Обычная скорость для едущих "по своей надобности" была: зимой не более 12 верст в час, летом — не более 10, а осенью — 8. В сутки обычно проезжали 70-100 верст. На станции проезжающий "платил прогоны" — оплачивал лошадей по таксе, которая колебалась от 8 до 10 коп. за одну лошадь на одну версту.
Ларины ехали в Москву "на своих" (или "долгих"). В этих случаях лошадей на станциях не меняли, а давали им отдохнуть, ночью тоже, естественно, не двигались с места (ночная езда была обычной при гоньбе перекладных), от чего скорость путешествия резко уменьшалась. Однако одновременно уменьшалась и стоимость.
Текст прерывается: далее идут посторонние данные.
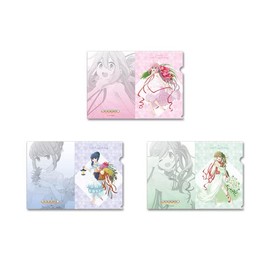 Yurucamp Clear File Anime Version Birthday Version (Set of 3)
"Наконец день выезда наступил. Это было после крещенья. На дорогу нажарили телятины, гуся, индейку, утку, испекли пирог с курицею, пирожков с фаршем и вареных лепешек, сдобных калачиков, в которые были запечены яйца цельные совсем с скорлупою. Стоило разломить тесто, вынуть яичко и кушай его с калачиком на здоровье. Особый большой ящик назначался для харчевого запаса. Для чайного и столового приборов был изготовлен погребец. Там было все: и жестяные тарелки для стола, ножи, вилки, ложки и столовые и чайные чашки, перечница, горчичница, водка, соль, уксус, чай, сахар, салфетки и проч. Кроме погребца и ящика для харчей, был еще ящик для дорожного складного самовара <…> Для обороны от разбойников, об которых предания были еще свежи, особенно при неизбежном переезде через страшные леса муромские, были взяты с собой два ружья, пара пистолетов, а из холодного оружия — сабля <…> Поезд наш состоял из трех кибиток. В первой сидели я, брат и отец, во второй тетушка с сестрою, в третьей повар с горничными девушками и со всеми запасами для стола: провизиею, кастрюлями и проч., и, наконец, сзади всех ехали сани с овсом для продовольствия в дороге лошадей. Это был обычный порядок путешествия наших <…> Разумеется такие путешествия обходились недорого, так что 20 или много 25 рублей ассигнациями, менее 7 рублей нынешним серебром, на 4-х тройках достаточно было доехать до Нижнего — это от нас около 500 верст, а может и более" (Селиванов, с. 145–147). Хозяйственная мать Татьяны, страшившаяся "прогонов дорогих", видимо, понесла такие же расходы.